# Data provided
————
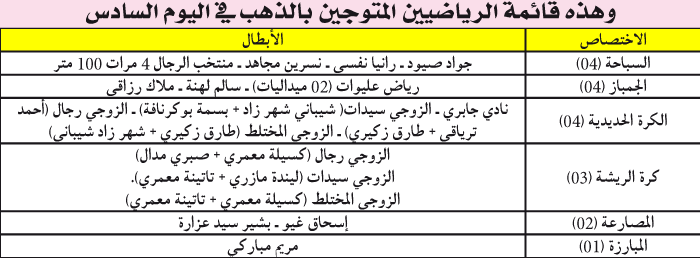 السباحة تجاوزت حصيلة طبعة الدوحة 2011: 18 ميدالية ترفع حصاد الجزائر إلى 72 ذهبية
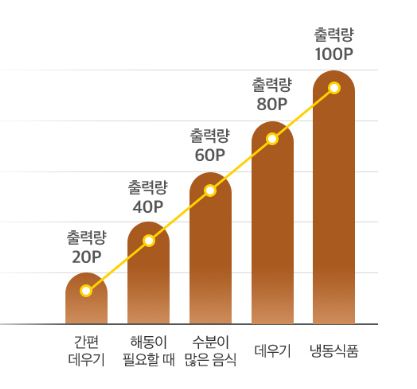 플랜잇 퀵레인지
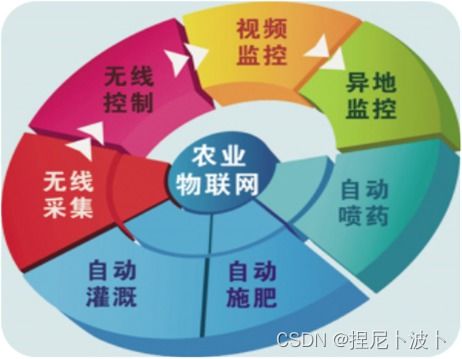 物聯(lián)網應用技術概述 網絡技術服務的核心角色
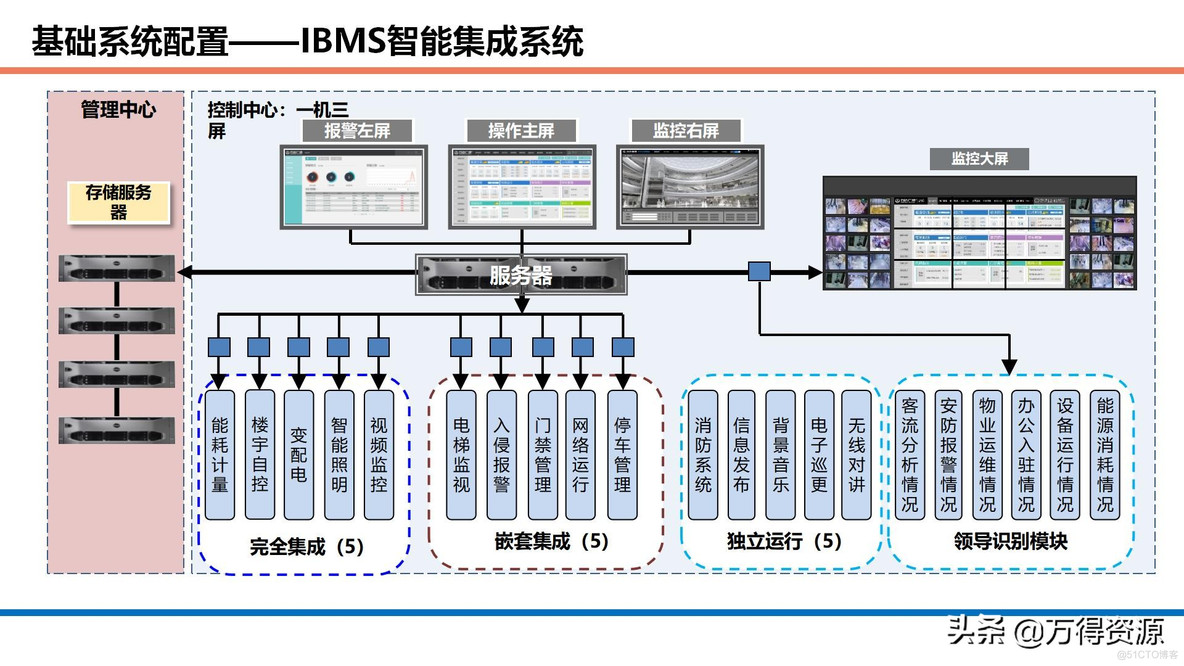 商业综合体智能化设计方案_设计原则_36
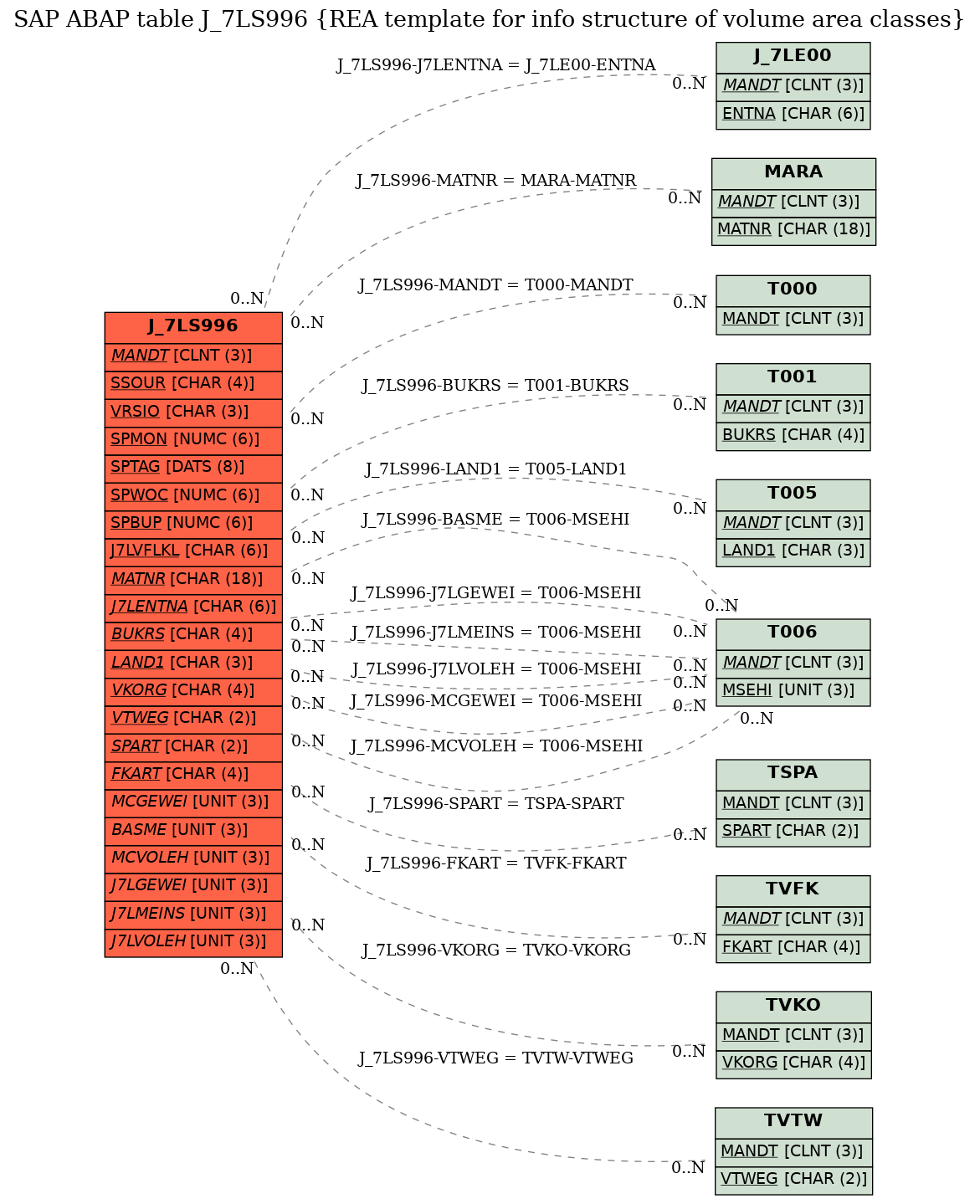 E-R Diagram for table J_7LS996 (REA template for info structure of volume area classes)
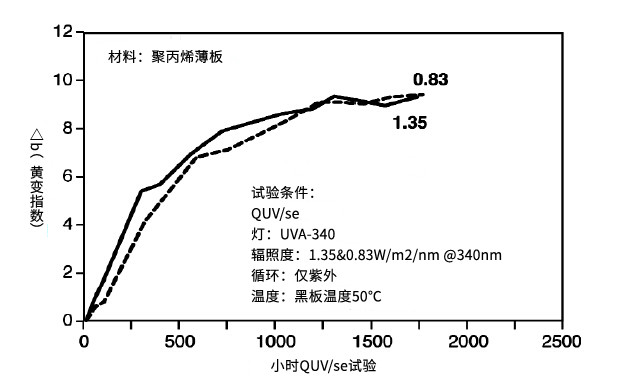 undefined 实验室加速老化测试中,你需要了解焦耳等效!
————
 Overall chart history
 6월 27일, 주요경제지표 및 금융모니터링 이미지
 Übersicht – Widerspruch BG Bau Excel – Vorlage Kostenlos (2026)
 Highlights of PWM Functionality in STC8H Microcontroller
————
Having found the line with "السباحة تجاوزت حصيلة" and the line with "undefined 实验室加速老化测试中,你需要了解焦耳等效!" in the material above, write out exactly those two and every line between, leaving the pictures out.

 السباحة تجاوزت حصيلة طبعة الدوحة 2011: 18 ميدالية ترفع حصاد الجزائر إلى 72 ذهبية
 플랜잇 퀵레인지
 物聯(lián)網應用技術概述 網絡技術服務的核心角色
 商业综合体智能化设计方案_设计原则_36
 E-R Diagram for table J_7LS996 (REA template for info structure of volume area classes)
 undefined 实验室加速老化测试中,你需要了解焦耳等效!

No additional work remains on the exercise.